3.1.1 Concentration of Measure for Static Weights

As remarked upon in Ref. [3], the linear networks that we use here are equivalent to “simple networks” in performance in that one can do a linear transformation and recover nodes that all evolve independently. Precisely,

$$\begin{aligned} \frac{dh}{dt} = Wh + vs(t) \end{aligned}$$

(9)

upon diagonalization of \(W=PDP^{-1}\) becomes

$$\begin{aligned} \frac{d}{dt} (P^{-1}h) = D (P^{-1}h) + (P^{-1}v) s(t), \end{aligned}$$

(10)

so that the original network is really a network of nodes who independently evolve with timescales based on the eigenvalues of W. Random matrix theory guarantees that different W, if generated by the same prescription, will have similar eigenvalues [30]. Hence, we should expect to see that the performances of large linear networks are governed only by aspects of the prescription for the weights in the weight matrix.
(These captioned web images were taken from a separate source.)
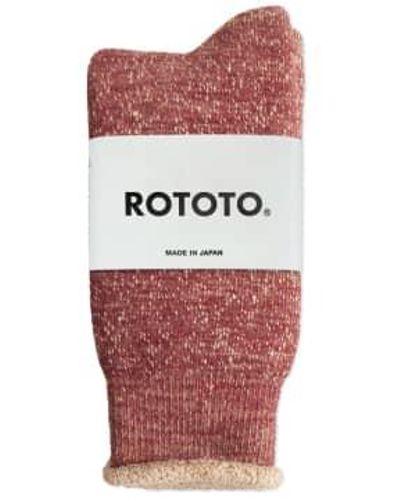 RoToTo Double Face Merino Socks Dark Red / Brown Large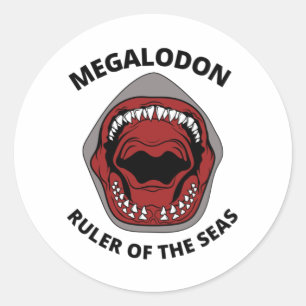 Megalodon Ronde Sticker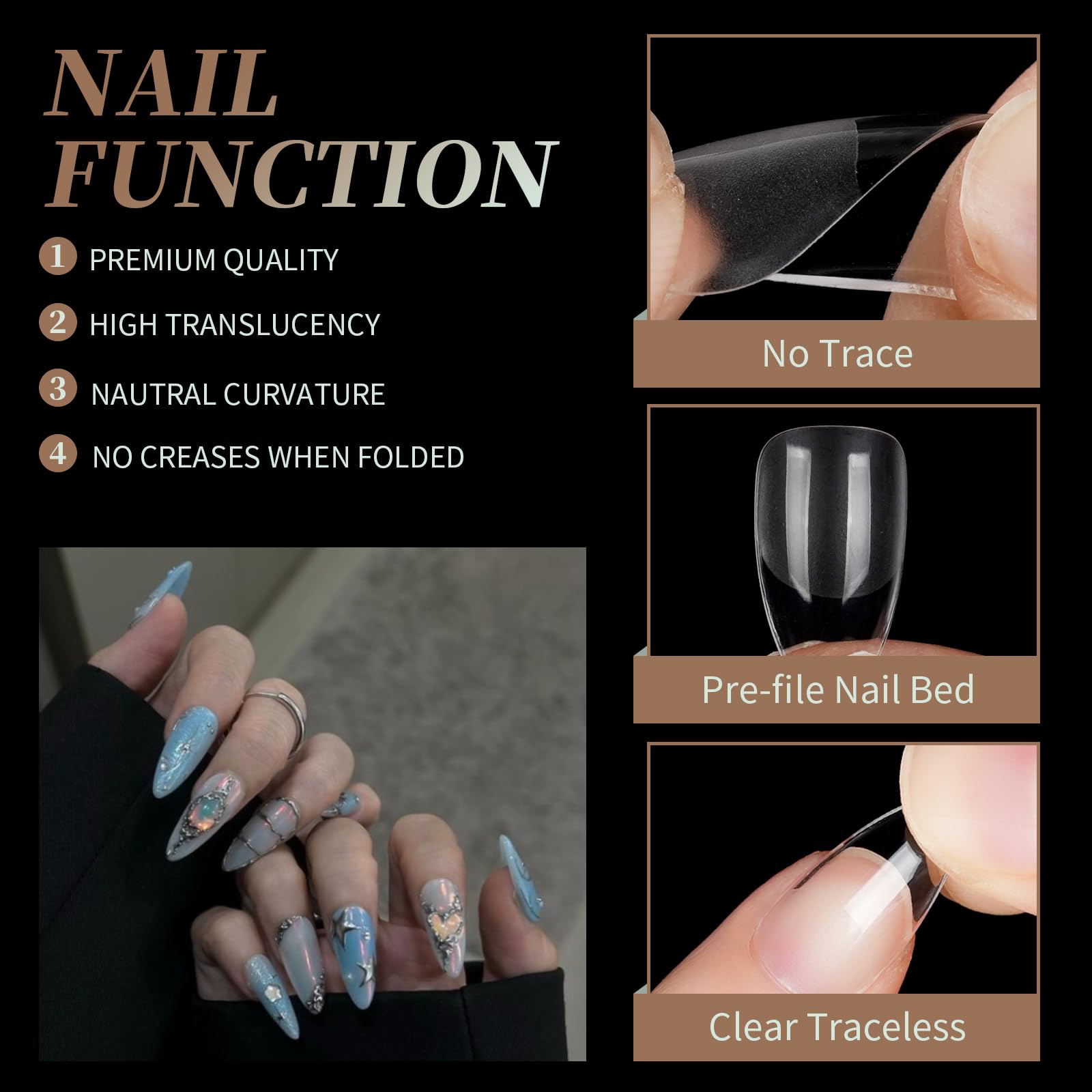 Short Almond Nail Tips, Venares 500Pcs 10 Size Acrylic Nail Tips for Gel Extensions Full Cover Soft Gel Tips for Acrylic Extensions - Image 4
We can see this numerically from the following example. The x-trajectory of the nonlinear Lorenz equations stimulates a linear reservoir that is designed to predict what happens a time \(\tau =0.05\) from the present with N nodes, where N can be 5,  50,  or 500. We see not only better performance when there are more nodes, but we also see a concentration of measure phenomenon in Fig. 1 in which the squared correlation coefficients (or prediction function \(m(\tau )\)) of the reservoir state and the future Lorenz input are highly concentrated around 0.9999 for \(N=500\).

Fig. 1

Linear reservoirs of sizes \(N=5,~50,~500\) are impinged upon by input form the x-coordinate of the Lorenz attractor and asked to predict what will happen a time 0.05 from now. Shown are squared correlation coefficients between reservoir states (black circles are static weights, blue crosses are dynamic weights) for 15 different reservoirs with weight matrices generated as described below a time 0.05 previous to the x-coordinate of the Lorenz attractor, also known as the prediction function at \(\tau =0.05\), \(m(\tau )\) [25]. The weight matrices are generated so that every entry is drawn i.i.d. from a standard normal distribution, and then the entire matrix is shifted so that the matrix is on the edge of instability. A concentration of measure phenomenon is observed not at all at \(N=5\), already at \(N=50\), and strongly observed at \(N=500\); and dynamic weight reservoirs perform worse than static weight reservoirs

In other words, results in random matrix theory guarantee that the performance of linear RCs with the same weight matrix prescription will be nearly identical as long as the linear RCs are large. Arguments of this type may well apply to nonlinear RCs.

3.1.2 Dynamic Weights Versus Static Weights

There are two options for these weights: they can either change with time, or remain static. If they change with time rapidly, we say that the weights are “dynamic”. If they are static, we say that the weights are “static”. Assuming that weights are dynamic makes mathematical analysis of networks simpler, as in Ref. [31], but we will show here that dynamic weights result in worse performance.

Suppose that the weights are dynamic, so that they change randomly and quite quickly. Furthermore, let us assume that s(t) is generated by a Gaussian process. We will show that the nodes sample independently from an identical Gaussian distribution, leaving only two pieces of information from N nodes.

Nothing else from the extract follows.